[THE PROBLEM] The output should be the line containing "vidaXL Buffet ch&ecirc;ne" and every later line of the records, exactly as written, and nothing else.
EXCERPTED RECORDS Block Start
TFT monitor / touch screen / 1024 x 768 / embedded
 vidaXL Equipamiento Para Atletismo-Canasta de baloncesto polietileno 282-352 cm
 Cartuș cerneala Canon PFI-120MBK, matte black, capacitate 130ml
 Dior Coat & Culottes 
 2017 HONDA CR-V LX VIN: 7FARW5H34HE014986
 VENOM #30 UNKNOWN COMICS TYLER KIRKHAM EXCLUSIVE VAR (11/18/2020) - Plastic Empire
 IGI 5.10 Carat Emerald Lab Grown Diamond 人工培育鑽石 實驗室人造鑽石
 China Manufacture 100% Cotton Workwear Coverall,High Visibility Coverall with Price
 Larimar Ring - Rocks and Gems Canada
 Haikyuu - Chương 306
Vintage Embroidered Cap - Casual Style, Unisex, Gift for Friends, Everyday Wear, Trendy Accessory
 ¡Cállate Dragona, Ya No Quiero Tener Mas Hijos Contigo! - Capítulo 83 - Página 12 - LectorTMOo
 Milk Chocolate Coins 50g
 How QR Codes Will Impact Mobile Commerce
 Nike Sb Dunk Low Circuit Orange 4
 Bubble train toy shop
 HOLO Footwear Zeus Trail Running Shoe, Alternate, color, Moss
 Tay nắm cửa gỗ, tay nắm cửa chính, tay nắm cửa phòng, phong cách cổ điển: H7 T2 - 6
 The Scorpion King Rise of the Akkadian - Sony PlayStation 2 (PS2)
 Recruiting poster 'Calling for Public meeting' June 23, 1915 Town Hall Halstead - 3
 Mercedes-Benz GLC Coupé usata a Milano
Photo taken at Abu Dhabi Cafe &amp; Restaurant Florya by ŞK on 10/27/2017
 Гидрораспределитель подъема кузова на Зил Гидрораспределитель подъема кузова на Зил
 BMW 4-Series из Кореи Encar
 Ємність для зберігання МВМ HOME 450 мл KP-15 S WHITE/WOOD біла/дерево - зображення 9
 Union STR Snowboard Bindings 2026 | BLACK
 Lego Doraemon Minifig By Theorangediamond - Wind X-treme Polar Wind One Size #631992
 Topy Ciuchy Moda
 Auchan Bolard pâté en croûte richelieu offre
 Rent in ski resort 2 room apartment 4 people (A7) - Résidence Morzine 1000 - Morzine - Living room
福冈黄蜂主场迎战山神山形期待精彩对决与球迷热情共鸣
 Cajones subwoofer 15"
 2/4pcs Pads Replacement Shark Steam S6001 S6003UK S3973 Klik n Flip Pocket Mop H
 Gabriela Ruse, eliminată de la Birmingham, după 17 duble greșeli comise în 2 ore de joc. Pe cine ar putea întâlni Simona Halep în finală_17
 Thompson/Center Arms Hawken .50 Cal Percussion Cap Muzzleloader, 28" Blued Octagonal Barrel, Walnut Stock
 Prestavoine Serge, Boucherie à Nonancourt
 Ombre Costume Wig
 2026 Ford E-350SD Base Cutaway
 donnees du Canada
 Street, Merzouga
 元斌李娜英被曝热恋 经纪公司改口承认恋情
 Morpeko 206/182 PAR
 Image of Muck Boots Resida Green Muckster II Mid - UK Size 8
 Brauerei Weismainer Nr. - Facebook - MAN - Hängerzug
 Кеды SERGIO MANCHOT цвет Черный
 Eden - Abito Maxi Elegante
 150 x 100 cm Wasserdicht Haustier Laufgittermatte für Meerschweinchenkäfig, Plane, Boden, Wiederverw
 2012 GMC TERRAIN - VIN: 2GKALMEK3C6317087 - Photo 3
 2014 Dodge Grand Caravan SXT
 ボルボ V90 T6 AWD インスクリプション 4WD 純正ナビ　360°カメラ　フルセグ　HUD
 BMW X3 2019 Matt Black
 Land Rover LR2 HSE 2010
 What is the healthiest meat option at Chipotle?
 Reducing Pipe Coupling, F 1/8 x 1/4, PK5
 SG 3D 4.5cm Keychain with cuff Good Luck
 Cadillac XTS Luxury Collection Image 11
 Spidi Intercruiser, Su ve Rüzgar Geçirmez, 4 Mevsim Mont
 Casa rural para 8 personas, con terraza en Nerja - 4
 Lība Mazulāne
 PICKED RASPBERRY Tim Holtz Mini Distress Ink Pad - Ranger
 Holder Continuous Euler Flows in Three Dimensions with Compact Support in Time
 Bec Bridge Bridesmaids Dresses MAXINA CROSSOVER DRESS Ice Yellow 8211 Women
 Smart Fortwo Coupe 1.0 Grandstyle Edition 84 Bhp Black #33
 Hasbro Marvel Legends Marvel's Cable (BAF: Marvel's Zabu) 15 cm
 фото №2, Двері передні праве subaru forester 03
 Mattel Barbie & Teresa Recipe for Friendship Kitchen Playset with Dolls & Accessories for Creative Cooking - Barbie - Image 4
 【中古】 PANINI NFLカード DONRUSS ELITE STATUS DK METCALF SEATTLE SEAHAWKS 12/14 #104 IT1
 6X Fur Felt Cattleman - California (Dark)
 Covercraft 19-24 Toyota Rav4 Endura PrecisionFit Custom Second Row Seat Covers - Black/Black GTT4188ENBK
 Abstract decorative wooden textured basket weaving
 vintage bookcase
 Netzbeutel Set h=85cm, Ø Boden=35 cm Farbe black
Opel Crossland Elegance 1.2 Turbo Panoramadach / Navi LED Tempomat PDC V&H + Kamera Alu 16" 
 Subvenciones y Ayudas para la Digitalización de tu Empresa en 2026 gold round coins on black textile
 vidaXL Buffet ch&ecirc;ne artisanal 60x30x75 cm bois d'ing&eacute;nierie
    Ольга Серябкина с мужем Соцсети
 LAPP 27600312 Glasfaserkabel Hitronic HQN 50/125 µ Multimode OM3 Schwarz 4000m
EXCERPTED RECORDS Block End
[YOUR SOLUTION]
 vidaXL Buffet ch&ecirc;ne artisanal 60x30x75 cm bois d'ing&eacute;nierie
    Ольга Серябкина с мужем Соцсети
 LAPP 27600312 Glasfaserkabel Hitronic HQN 50/125 µ Multimode OM3 Schwarz 4000m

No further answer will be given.